Everything from the line containing "this 782×580 image." to the last line of the entries must be reproduced exactly, and nothing outside that range.
-*-
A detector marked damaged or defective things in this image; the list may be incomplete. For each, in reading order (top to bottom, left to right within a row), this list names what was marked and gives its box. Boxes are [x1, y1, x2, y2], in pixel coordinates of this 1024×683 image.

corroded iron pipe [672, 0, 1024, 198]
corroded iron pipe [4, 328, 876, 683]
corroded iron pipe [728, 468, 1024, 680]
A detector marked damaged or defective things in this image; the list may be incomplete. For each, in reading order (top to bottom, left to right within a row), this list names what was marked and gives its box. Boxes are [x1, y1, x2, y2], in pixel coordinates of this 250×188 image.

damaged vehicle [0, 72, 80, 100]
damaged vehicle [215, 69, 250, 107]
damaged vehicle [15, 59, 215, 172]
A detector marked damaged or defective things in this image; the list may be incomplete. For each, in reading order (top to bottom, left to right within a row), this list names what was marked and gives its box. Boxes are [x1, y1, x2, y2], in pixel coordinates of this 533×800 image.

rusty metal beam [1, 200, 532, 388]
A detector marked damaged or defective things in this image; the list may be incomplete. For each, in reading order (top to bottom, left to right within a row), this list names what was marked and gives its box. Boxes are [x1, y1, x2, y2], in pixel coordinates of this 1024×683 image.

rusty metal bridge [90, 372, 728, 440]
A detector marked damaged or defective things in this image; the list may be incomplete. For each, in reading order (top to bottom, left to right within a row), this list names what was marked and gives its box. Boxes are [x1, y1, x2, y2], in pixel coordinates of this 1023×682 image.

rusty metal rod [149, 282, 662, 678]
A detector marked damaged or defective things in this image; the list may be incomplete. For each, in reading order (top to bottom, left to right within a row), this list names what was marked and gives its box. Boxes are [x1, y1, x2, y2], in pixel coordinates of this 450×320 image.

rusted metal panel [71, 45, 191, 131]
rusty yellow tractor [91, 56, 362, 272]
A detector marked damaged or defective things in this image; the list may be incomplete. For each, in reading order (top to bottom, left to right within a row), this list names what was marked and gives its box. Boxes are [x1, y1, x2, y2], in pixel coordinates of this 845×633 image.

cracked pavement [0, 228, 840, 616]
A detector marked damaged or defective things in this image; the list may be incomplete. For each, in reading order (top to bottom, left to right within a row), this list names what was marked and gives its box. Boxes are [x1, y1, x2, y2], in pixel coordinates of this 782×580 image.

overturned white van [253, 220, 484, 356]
-*-
FINISHED TASK —
A detector marked damaged or defective things in this image; the list may be incomplete. For each, in reading order (top to bottom, left to right within a row), this list names what was marked and gives its box. Boxes are [x1, y1, x2, y2], in pixel coordinates of this 782×580 image.

overturned white van [253, 220, 484, 356]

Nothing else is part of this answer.